Et encore...Ce fut seulement après quarante années de débats que quelque chose changea. Enfin.
Cela pouvait paraître énorme, mais quand on vivait un millénaire en moyenne, cela faisait juste quelques années que cet enfant était né. Mais pour Shura, c'était déjà trop. En permanence tiraillé, il n'en pouvait plus. Et il n'avait même pas le loisir d'exploser. Pourtant, il sentait que cela arriverait, inévitablement.
Le compte à rebours était lancé.
Vint alors, soudainement, durant une réunion étrangement calme du conseil, son Sauveur.
« Un pensionnat, vous dites ? Et juste pour êtres surnaturels, c’est cela ? »
Silence.
« Qu'est-ce qu'un pensionnat, au juste ? »
Suite à une longue série de questions et d'explications de circonstance, Shura comprit les tenants et aboutissants de la chose. Dire qu'il était intéressé était un euphémisme, mais il ne pouvait pas non plus le crier soudainement et exiger d'y aller. Cela ne faisait définitivement pas partie de son éducation, et surtout, cela ruinerait toutes ses chances de pouvoir s'y rendre un jour. Heureusement, mystérieusement, et sans qu'il n'y comprenne grand-chose, ce fut au contraire les Matriarches qui le prièrent d'y aller. Bon, certaines ne semblaient pas tout à fait d'accord, mais il y avait comme un accord tacite qui se reflétait d'un regard à l'autre. Si le petit prince des glaces entendit et comprit bien la plupart des raisons qu'on lui annonça, la non-officielle, c'était clairement de l'éloigner du nid pendant un moment. Sans sa présence, il serait peut-être plus facile de débattre de son sort. Il n'en savait rien. Et honnêtement, à cet instant-là, il s'en fichait comme de son premier glaçon.
Environ un mois plus tard, le voilà qui franchissait les portes de sa nouvelle maison. Une plongée directe dans la véritable vie. Autrement dit, une plongée violente, et qui ne le laisse pas de marbre, bien au contraire. Oscillant en permanence entre ce qu'il aurait dû être et ce qu'il est, sa vie là-bas risque d'être mouvementée (et elle l'est déjà, à vrai dire). Il a beau tenter de se comporter comme on lui a toujours dit, tout est trop nouveau pour que ça tienne parfaitement. Sa nature d'enfant novice du monde surgit. Sa nature d'enfant qui découvre. Et dieu qu'il y en a des choses à découvrir !

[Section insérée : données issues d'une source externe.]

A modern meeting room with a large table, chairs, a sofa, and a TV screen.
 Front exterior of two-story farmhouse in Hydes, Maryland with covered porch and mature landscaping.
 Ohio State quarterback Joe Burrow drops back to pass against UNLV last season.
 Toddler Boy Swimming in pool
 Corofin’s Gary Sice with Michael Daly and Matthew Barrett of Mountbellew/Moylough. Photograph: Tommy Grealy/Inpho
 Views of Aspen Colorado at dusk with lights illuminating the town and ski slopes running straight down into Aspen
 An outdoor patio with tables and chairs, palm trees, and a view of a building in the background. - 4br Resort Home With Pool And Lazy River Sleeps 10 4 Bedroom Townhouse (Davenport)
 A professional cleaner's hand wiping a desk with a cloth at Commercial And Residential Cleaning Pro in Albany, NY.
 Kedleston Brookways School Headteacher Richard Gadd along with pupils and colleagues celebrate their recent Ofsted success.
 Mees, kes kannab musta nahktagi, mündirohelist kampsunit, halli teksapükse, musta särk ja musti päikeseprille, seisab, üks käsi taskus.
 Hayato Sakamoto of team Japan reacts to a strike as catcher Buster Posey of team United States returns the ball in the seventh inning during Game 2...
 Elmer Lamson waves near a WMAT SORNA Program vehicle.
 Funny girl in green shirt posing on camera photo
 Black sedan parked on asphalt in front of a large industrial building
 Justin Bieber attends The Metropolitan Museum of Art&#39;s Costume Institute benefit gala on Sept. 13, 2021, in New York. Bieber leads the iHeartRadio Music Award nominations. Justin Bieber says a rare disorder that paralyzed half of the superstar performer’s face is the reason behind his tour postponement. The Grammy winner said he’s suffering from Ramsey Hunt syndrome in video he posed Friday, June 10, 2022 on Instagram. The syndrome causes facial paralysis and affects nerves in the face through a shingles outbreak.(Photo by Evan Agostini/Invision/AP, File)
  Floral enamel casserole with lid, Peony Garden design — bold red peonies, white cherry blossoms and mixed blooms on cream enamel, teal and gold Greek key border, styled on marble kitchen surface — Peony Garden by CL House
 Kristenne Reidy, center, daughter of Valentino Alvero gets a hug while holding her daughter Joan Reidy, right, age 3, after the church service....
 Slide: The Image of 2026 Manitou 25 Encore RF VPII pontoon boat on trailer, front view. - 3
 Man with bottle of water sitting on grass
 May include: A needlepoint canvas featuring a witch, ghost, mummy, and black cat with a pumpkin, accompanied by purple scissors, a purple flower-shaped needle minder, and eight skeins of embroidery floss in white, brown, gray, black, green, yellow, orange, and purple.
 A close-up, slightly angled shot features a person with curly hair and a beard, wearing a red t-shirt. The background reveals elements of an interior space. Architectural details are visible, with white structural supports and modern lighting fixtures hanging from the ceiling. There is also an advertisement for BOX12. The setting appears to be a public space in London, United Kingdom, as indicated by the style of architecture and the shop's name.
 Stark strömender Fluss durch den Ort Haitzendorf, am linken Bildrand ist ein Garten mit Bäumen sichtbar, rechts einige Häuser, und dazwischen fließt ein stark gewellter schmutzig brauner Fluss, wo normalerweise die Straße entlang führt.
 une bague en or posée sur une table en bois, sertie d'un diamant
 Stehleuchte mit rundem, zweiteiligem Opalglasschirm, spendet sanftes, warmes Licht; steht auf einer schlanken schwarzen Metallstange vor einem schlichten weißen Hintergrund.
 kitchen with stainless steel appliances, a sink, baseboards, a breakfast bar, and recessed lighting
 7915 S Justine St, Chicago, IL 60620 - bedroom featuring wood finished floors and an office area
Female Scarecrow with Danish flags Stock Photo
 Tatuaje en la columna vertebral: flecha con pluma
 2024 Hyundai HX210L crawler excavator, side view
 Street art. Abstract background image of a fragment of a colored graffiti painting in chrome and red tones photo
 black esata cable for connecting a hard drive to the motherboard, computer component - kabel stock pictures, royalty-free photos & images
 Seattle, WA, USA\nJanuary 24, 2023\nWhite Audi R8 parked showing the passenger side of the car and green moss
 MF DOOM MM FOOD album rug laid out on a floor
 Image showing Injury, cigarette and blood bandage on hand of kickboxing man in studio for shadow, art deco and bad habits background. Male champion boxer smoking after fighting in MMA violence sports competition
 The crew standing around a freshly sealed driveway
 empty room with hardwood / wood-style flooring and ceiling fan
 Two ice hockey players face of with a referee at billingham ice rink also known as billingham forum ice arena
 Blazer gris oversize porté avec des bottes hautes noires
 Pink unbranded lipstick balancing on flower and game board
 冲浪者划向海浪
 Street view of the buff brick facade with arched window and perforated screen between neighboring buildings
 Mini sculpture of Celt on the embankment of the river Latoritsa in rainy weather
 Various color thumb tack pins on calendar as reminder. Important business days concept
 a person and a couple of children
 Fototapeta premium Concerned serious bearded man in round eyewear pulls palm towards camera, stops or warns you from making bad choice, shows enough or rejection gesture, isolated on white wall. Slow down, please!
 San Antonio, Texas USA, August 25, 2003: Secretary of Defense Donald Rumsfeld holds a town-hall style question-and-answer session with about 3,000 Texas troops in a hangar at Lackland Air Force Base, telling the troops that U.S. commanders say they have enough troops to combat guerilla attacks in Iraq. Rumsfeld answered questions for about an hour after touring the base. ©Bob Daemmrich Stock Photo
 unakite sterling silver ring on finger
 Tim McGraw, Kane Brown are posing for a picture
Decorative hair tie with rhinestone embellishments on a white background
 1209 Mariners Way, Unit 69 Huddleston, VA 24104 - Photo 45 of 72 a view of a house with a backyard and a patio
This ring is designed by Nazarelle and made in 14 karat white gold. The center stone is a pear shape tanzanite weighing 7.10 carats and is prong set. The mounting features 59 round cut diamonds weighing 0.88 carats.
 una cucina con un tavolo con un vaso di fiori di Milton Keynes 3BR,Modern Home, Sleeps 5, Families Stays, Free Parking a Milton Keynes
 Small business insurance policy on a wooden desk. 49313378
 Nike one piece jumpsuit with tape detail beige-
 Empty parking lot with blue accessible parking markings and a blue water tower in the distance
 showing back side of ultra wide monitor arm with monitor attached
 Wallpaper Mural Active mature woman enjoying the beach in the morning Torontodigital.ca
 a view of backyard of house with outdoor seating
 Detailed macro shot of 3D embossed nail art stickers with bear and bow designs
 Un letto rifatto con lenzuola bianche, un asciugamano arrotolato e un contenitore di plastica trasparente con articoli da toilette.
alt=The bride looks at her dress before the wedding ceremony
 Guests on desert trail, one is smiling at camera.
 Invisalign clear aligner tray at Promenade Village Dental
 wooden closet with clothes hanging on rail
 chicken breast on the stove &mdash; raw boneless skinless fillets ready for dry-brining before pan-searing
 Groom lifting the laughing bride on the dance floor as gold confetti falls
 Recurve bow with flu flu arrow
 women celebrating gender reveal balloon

Des réactions qui le désarçonnent, des pouvoirs étranges, des gens...Maladroit, curieux, timide, parfois rougissant, des parts enfouies de lui-même et jusque-là ignorer se montrent au grand jour, tout en jouxtant de très près ses manières glaciales de Yuki-onna. Un mélange aussi étrange qu'explosif, à n'en pas douter.